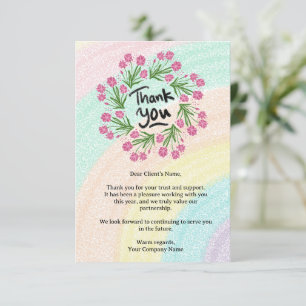 Moderner Rainbow Floral Small Business Client Dankeskarte
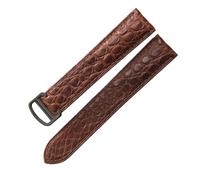 ROUREOX Genuine Leather Watch Strap Stainless Steel Butterfly Buckle Replacement Leather Strap 22mm for Cartier Ballon Bleu Collection-Brown + Black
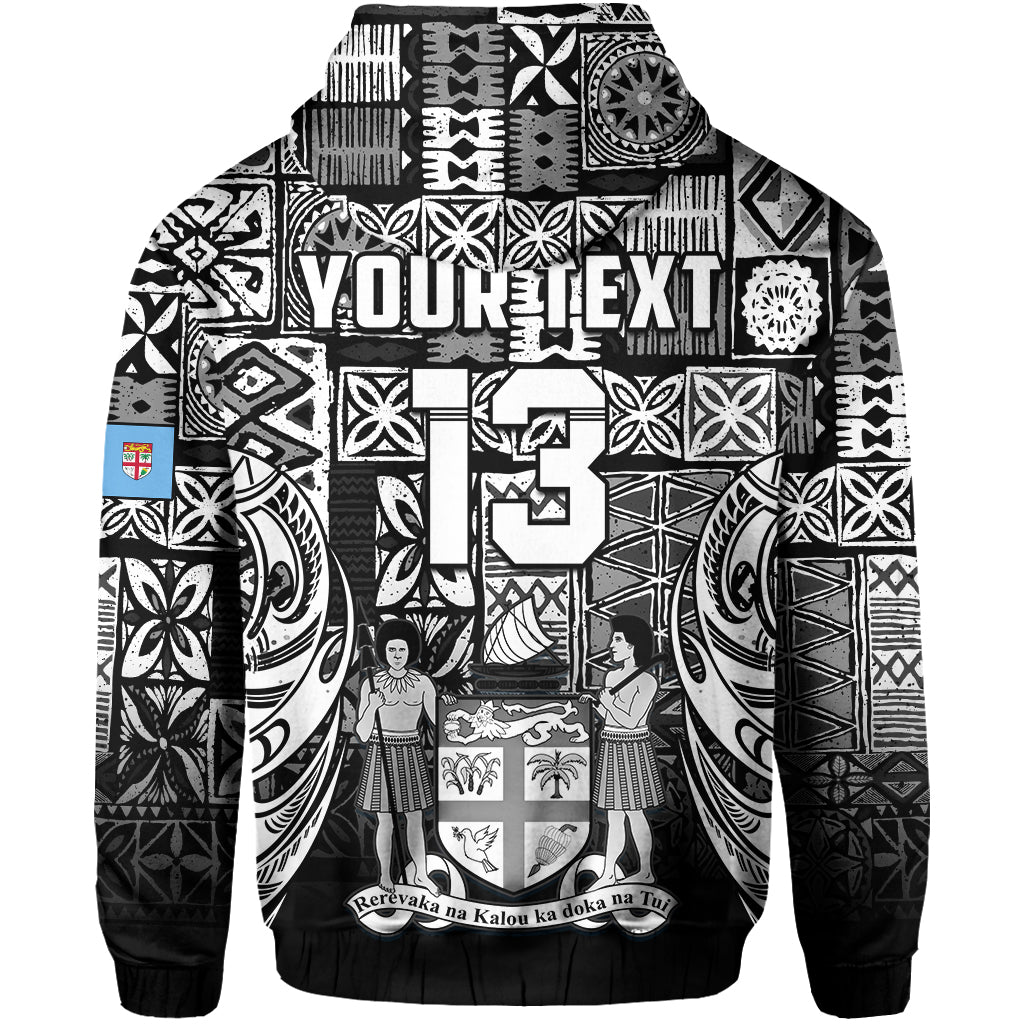 (Custom Text and Number) Fiji Rugby Zip Hoodie Flying Fijians Black Tapa Pattern LT13 - Polynesian Pride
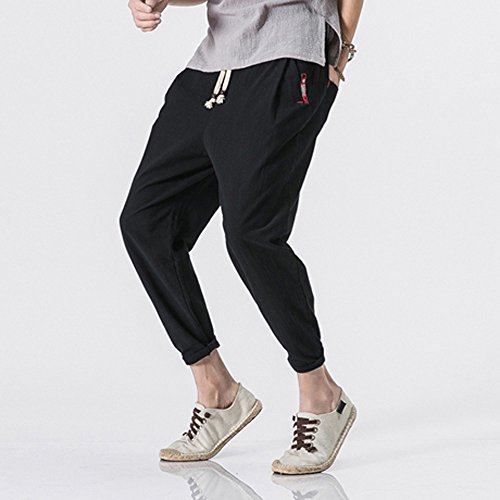 image for Hmlai Clearance Men's Cotton Linen Harem Pant Drawstring Elastic Waist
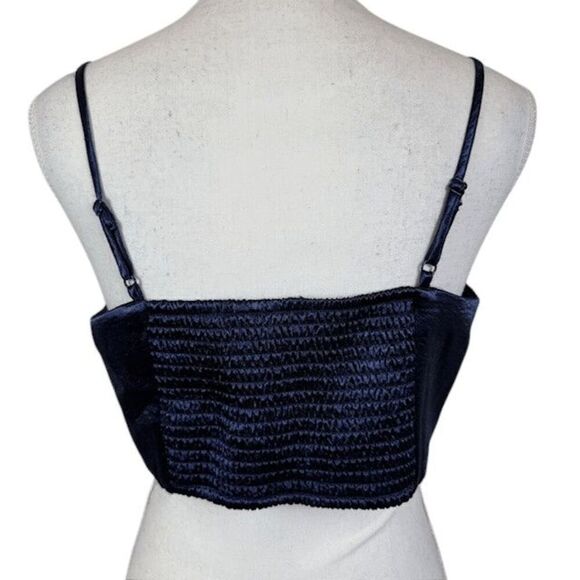 House of Harlow 1960 Blue Satin Crop Halter Ruched Back Adjustable Straps Large - Picture 3 of 8
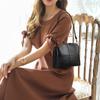 Retro Stitching Soft Leather Shoulder Bag for Women Simple Solid Color Crossbody Bag CLE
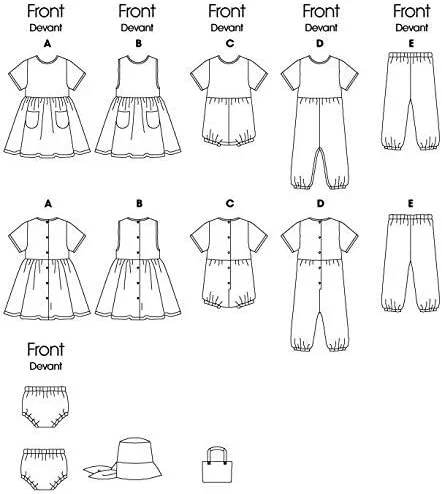 الگوهای خیاطی Butterick B5624 سایز بزرگ L-XL لباس نوزاد، سارافون، رامپر، جامپسوت، شورت، کلاه و کیف، بسته 1 عددی، سفید الگوهای خیاطی Butterick B5624 سایز بزرگ L-XL لباس نوزاد، سارافون، رامپر، جامپسوت، شورت، کلاه و کیف، بسته 1 عددی، سفید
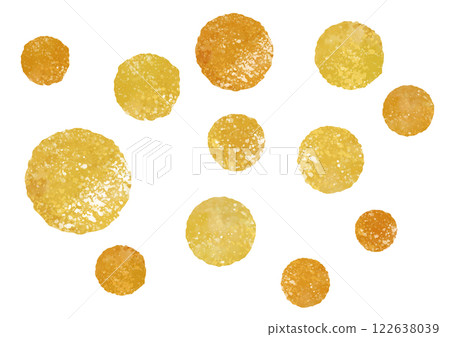 Watercolor polka dots gold gold leaf image decoration background 122638039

----

■ **Assignment**:
For the material above, repeat each line exactly and leave out the pictures.

■ **Completed task**:
 Moderner Rainbow Floral Small Business Client Dankeskarte
 ROUREOX Genuine Leather Watch Strap Stainless Steel Butterfly Buckle Replacement Leather Strap 22mm for Cartier Ballon Bleu Collection-Brown + Black
 (Custom Text and Number) Fiji Rugby Zip Hoodie Flying Fijians Black Tapa Pattern LT13 - Polynesian Pride
 image for Hmlai Clearance Men's Cotton Linen Harem Pant Drawstring Elastic Waist
 House of Harlow 1960 Blue Satin Crop Halter Ruched Back Adjustable Straps Large - Picture 3 of 8
 Retro Stitching Soft Leather Shoulder Bag for Women Simple Solid Color Crossbody Bag CLE
 الگوهای خیاطی Butterick B5624 سایز بزرگ L-XL لباس نوزاد، سارافون، رامپر، جامپسوت، شورت، کلاه و کیف، بسته 1 عددی، سفید الگوهای خیاطی Butterick B5624 سایز بزرگ L-XL لباس نوزاد، سارافون، رامپر، جامپسوت، شورت، کلاه و کیف، بسته 1 عددی، سفید
 Watercolor polka dots gold gold leaf image decoration background 122638039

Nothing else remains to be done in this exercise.